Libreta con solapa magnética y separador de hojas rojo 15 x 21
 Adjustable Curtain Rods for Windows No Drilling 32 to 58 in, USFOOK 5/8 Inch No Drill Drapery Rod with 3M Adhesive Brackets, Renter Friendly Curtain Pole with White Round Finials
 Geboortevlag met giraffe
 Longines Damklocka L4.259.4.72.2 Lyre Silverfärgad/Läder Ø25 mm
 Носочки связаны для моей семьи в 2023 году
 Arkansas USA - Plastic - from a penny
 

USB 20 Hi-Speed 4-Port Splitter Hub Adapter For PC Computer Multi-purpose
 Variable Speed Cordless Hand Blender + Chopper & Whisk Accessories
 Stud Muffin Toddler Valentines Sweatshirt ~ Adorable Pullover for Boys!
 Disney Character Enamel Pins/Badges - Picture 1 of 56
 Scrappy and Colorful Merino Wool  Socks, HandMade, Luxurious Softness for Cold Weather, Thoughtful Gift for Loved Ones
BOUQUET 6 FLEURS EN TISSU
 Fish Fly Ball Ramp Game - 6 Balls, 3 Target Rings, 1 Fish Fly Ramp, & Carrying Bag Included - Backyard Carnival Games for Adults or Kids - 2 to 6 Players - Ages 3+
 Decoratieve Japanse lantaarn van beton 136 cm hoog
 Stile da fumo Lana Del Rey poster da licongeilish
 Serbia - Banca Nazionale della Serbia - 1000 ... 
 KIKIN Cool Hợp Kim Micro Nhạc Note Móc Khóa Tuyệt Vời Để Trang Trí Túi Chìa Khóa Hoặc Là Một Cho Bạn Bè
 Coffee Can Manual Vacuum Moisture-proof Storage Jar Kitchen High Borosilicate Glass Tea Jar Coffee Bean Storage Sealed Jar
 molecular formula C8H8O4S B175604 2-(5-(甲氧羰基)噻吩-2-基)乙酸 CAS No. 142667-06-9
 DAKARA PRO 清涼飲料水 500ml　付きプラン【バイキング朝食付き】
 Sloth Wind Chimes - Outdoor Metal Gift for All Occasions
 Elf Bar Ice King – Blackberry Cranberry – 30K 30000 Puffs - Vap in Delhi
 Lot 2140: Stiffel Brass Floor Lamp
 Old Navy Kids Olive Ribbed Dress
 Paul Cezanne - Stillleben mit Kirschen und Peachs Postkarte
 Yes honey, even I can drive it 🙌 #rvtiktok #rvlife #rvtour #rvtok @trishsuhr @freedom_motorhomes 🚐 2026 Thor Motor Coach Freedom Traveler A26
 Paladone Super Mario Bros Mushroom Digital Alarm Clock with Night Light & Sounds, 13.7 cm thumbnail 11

----

### Action item
Copy out every line from the material above in which the word "Speed" appears.

### Response for this exercise
USB 20 Hi-Speed 4-Port Splitter Hub Adapter For PC Computer Multi-purpose
 Variable Speed Cordless Hand Blender + Chopper & Whisk Accessories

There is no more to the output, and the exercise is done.